_Aim of the task:_
Every line below from the one with "Indoor swimming pool" through the one with "A kitchen with" should be retyped exactly, both ends included; no other lines and no pictures.

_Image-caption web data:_
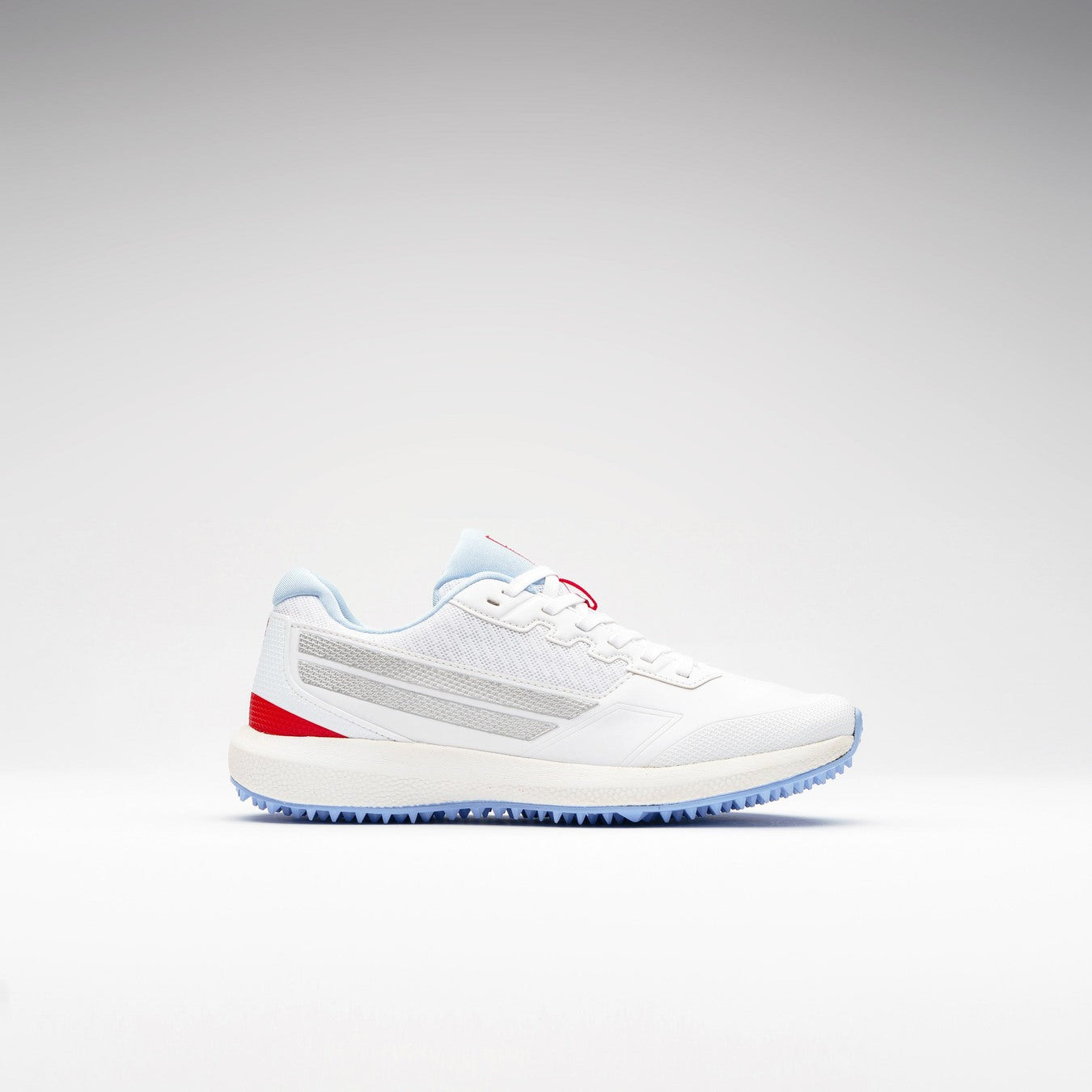 The Gray Nicolls Velocity 5.5 Narrow Rubber Soled Cricket Shoe for women features a white mesh upper, light blue accents, red heel details, and a textured blue rubber sole—offering style, comfort, and a perfect narrow fit. Displayed on plain white background.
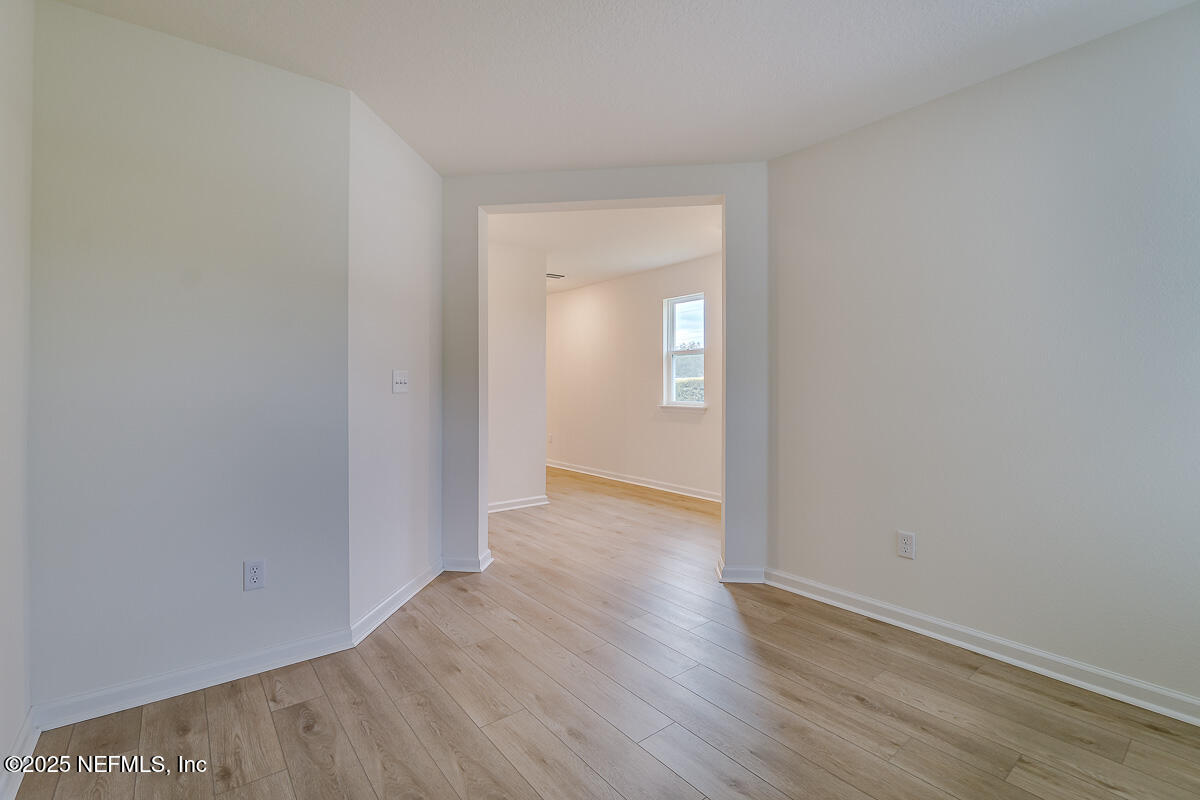 66 Stonecrest Drive St. Johns, FL 32259 - Photo 4 of 22 a view of a room with wooden floor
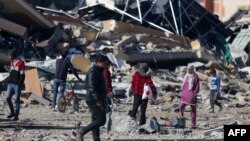 Disa palestinezë shihen në qendër të Rripit të Gazës të shkaktuar nga luftimet mes Izraelit dhe grupit palestinez, Hamas.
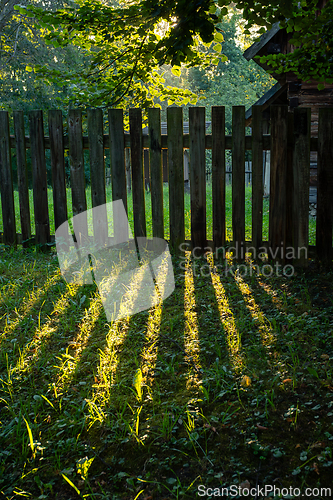 Image of An old wooden fence in the morning sun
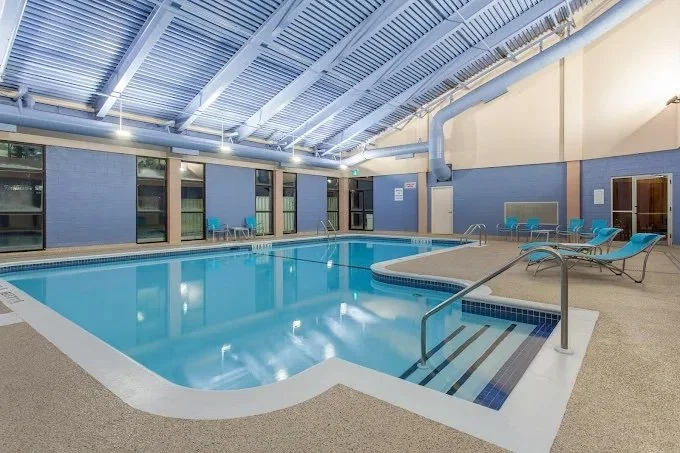 Indoor swimming pool with blue walls, lounge chairs, and large windows, under a metal ceiling with lighting.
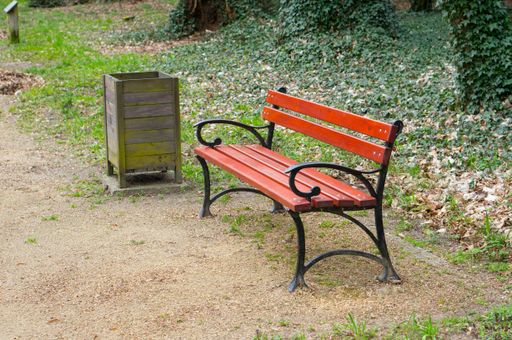 A wide angle shot of a bench next to a trash can in the park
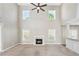 Spacious living room with a high ceiling, ceiling fan, fireplace, and large windows allowing ample natural light at 2373 Shady Maple Ln, Loganville, GA 30052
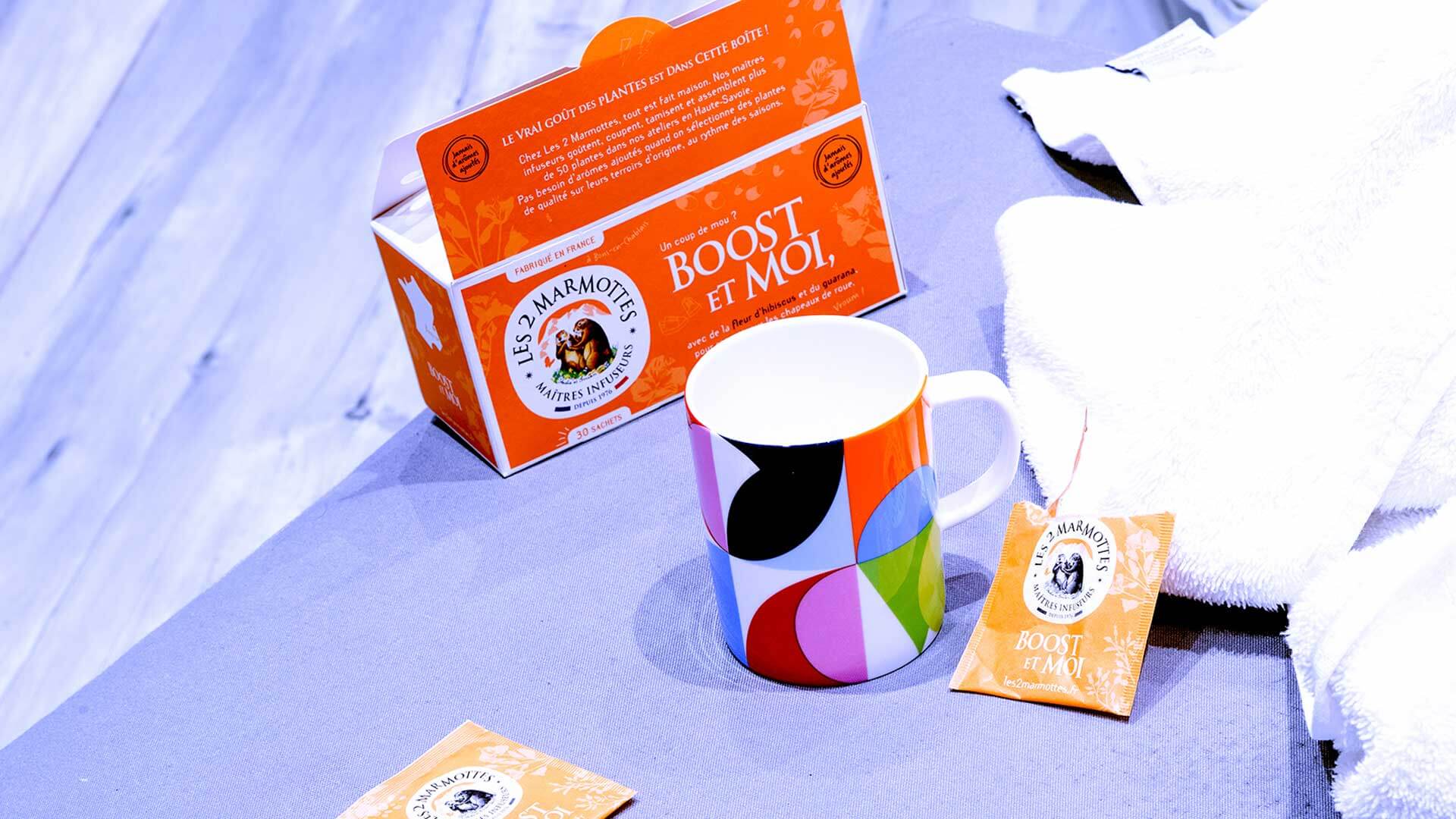 Boîte de Boost & Moi posé sur une table à côté d'une tasse et d'une serviette de sport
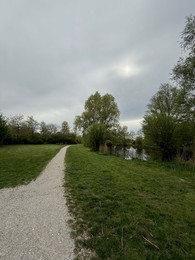 Photo of View of pathway alongside pond in beautiful park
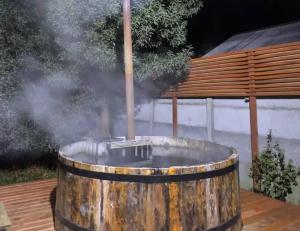 a wooden barrel with smoke coming out of it at Hospedaje Francesco in Puerto Montt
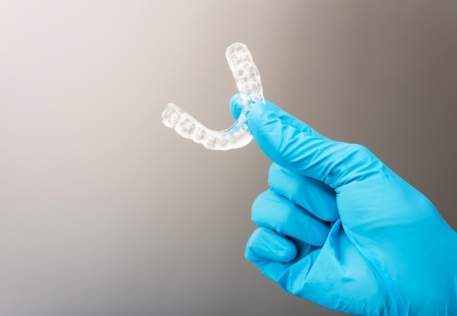 Dentist holding occlusal splint used to address T M J dysfunction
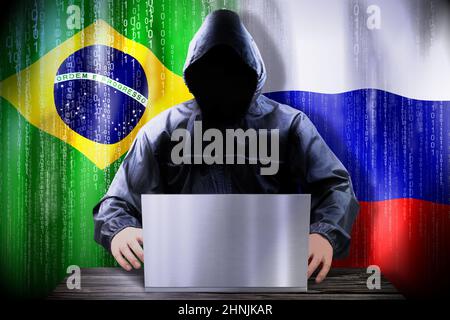 Anonymer Hacker, der an einem Laptop arbeitet, Flaggen von Brasilien und Russland Stockfoto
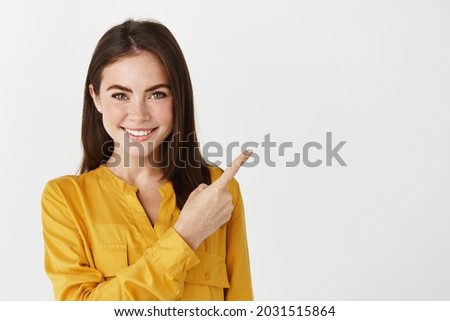 Close-up of brunette female model showing promo offer, pointing finger right and smiling at camera, white background Royalty-Free Stock Photo #2031515864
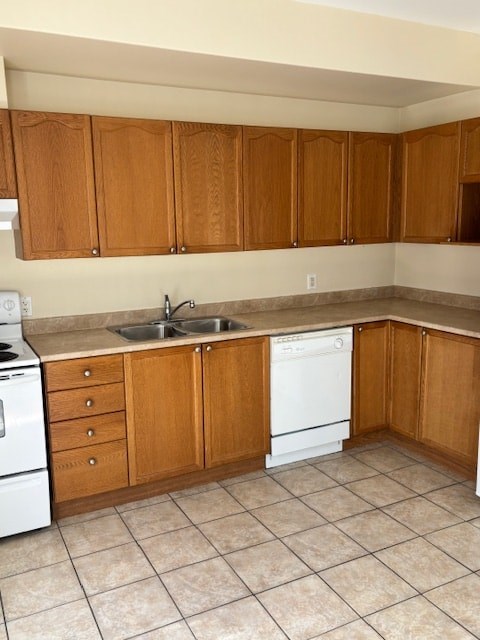 A kitchen with wooden cabinets and a white dishwasher.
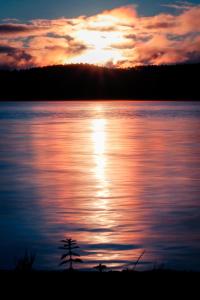 a sunset over a body of water at Pimishka Chalet-Cottage-Studios in Bouchette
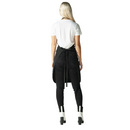 Black stylist apron back view with tied waist and wide coverage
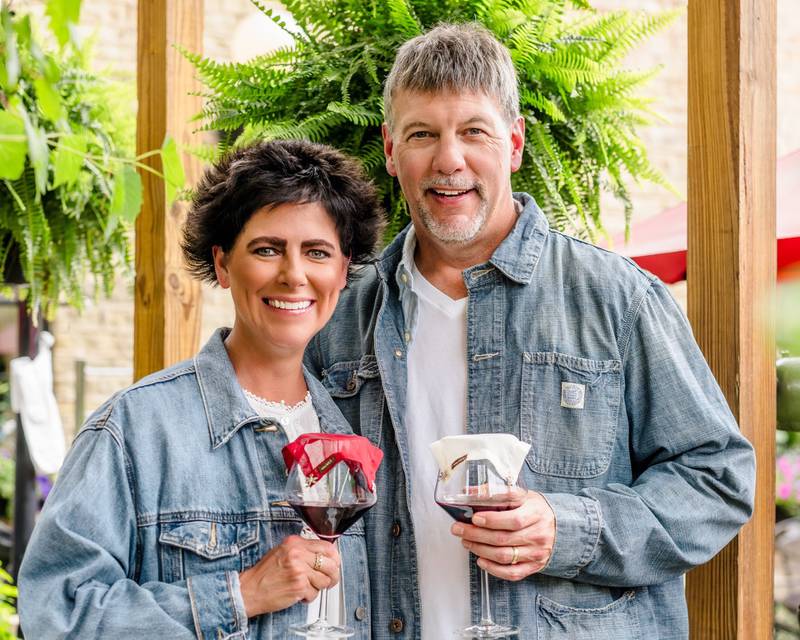 Linda and Mark Hirth of Campton Hills with their wineVEIL product covering their wine glasses – so bugs don’t get in while sitting outside.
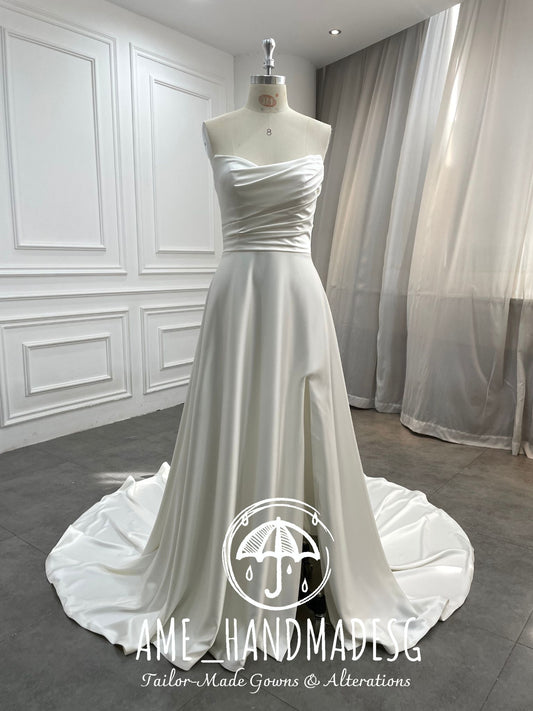 Timeless Serenity: A Classic Satin A-Line Wedding Gown with Elegant Train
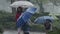 Kids in the pouring rain having fun jumping with umbrellas - slow motion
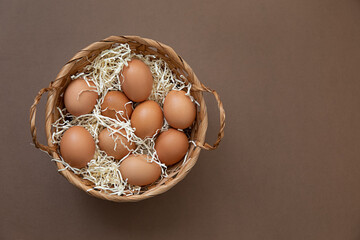 Obraz na płótnie Canvas Natural healthy nutrition and organic food concept. Raw brown chicken eggs in a basket. Top view and brown background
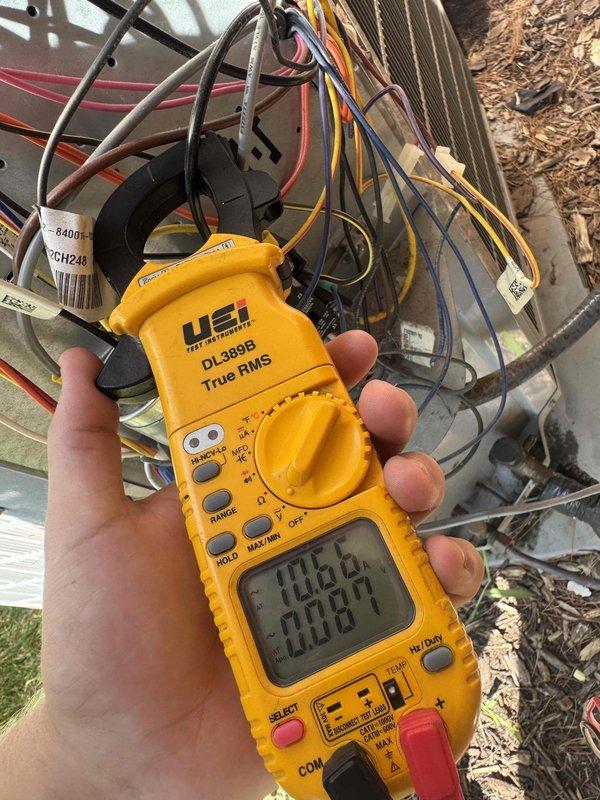 Performed comprehensive AC tune-up on outdoor condensing unit, including electrical diagnostics using digital clamp meter to verify proper amperage draw and voltage readings on compressor and condenser fan motor. All electrical connections were inspected, system operating parameters measured and confirmed within manufacturer specifications, and unit found to be functioning properly with no issues detected.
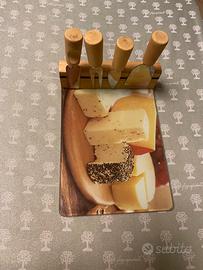 Tagliere in vetro con coltelli per formaggio.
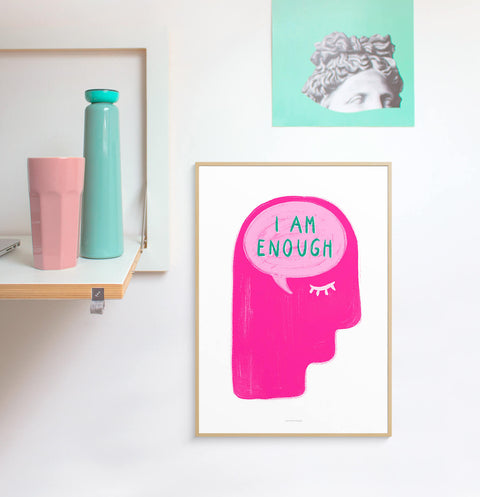 Pink graphic illustration wall art featuring a big head with a speech bubble saying I am enough.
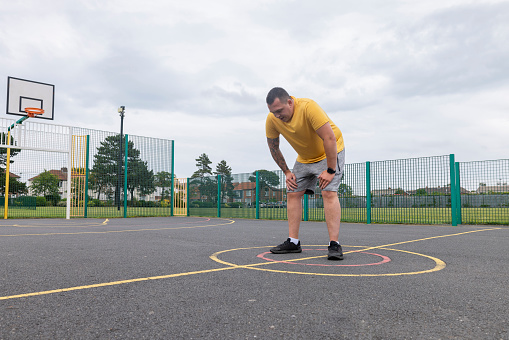 Man doing a workout  near his home in the North East of England. He is catching his breath, bending over with his hands on his knees in a public park on a sports court.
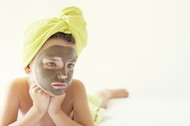 Portrait of a girl with a face mask and towel turban on her head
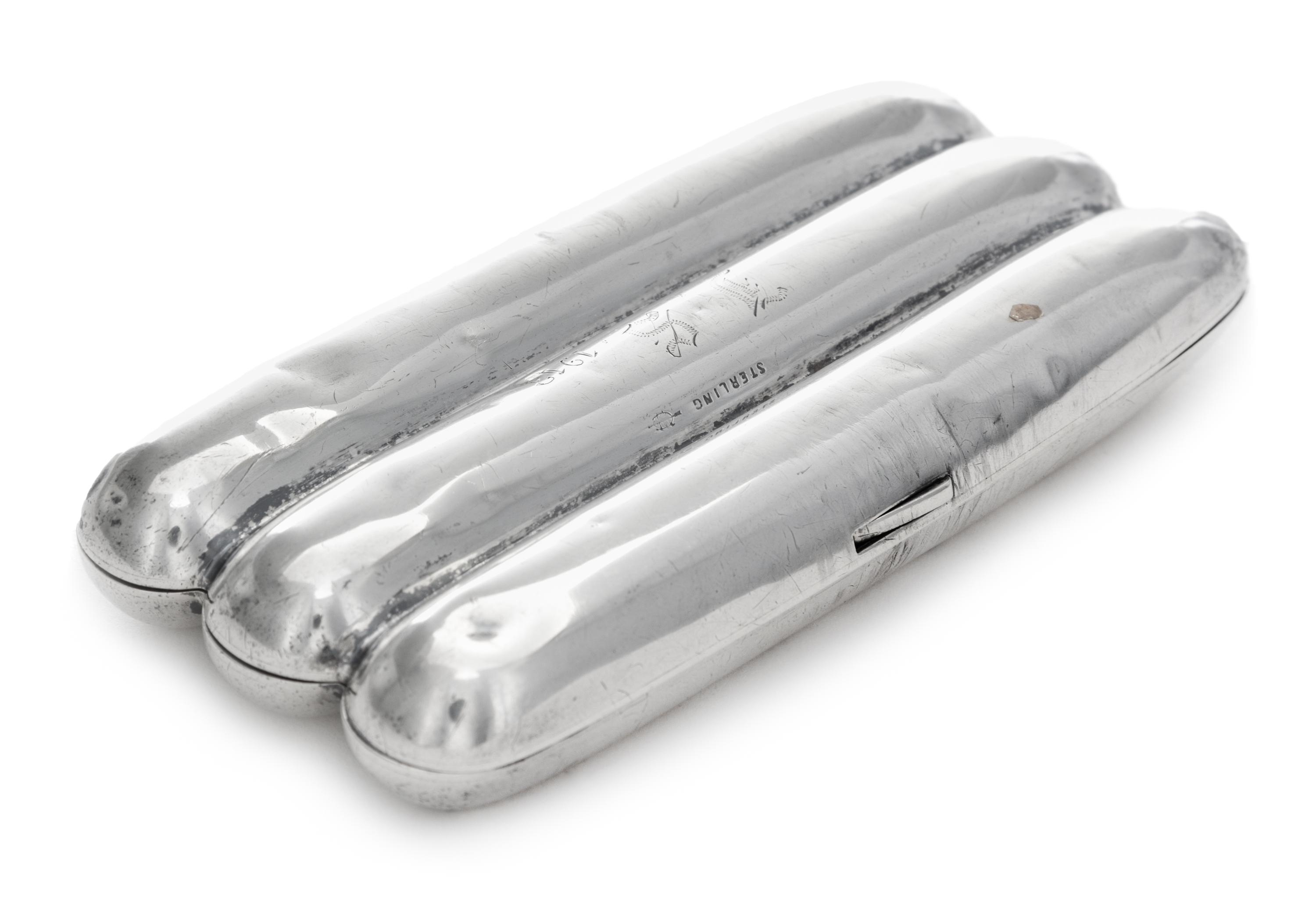 A Silver Cigar Case, , in the form of three cigars, initialed and dated 1913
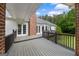 Spacious back deck area with a brick chimney, offering space for outdoor lounging and dining at 333 Old Carrollton Rd, Roopville, GA 30170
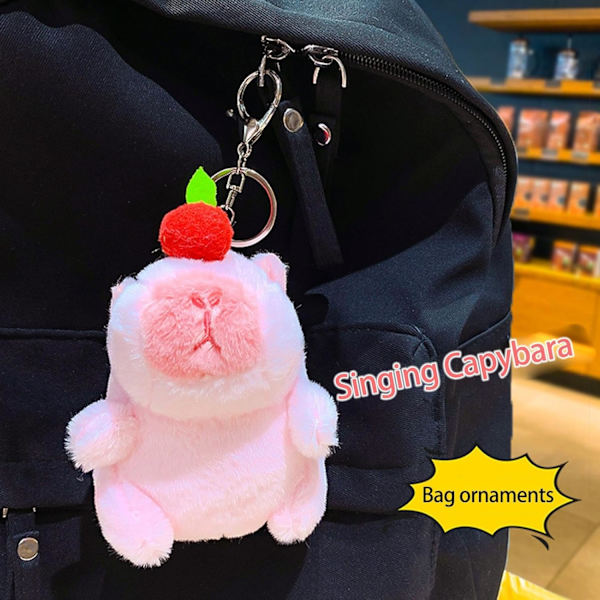 Laulava Capybara plyysiavainperä - luova musiikkipehmolelu riipus, reppukoriste Rosa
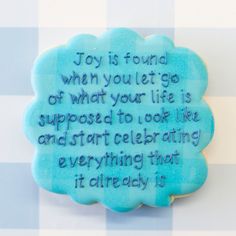 a cookie with a quote on it sitting on a checkered tablecloth background that says, joy is found when you let go of what your life is supposed to look like and start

_Answer space:_
 Indoor swimming pool with blue walls, lounge chairs, and large windows, under a metal ceiling with lighting.
 A wide angle shot of a bench next to a trash can in the park
 Spacious living room with a high ceiling, ceiling fan, fireplace, and large windows allowing ample natural light at 2373 Shady Maple Ln, Loganville, GA 30052
 Boîte de Boost & Moi posé sur une table à côté d'une tasse et d'une serviette de sport
 Photo of View of pathway alongside pond in beautiful park
 a wooden barrel with smoke coming out of it at Hospedaje Francesco in Puerto Montt
 Dentist holding occlusal splint used to address T M J dysfunction
 Anonymer Hacker, der an einem Laptop arbeitet, Flaggen von Brasilien und Russland Stockfoto
 Close-up of brunette female model showing promo offer, pointing finger right and smiling at camera, white background Royalty-Free Stock Photo #2031515864
 A kitchen with wooden cabinets and a white dishwasher.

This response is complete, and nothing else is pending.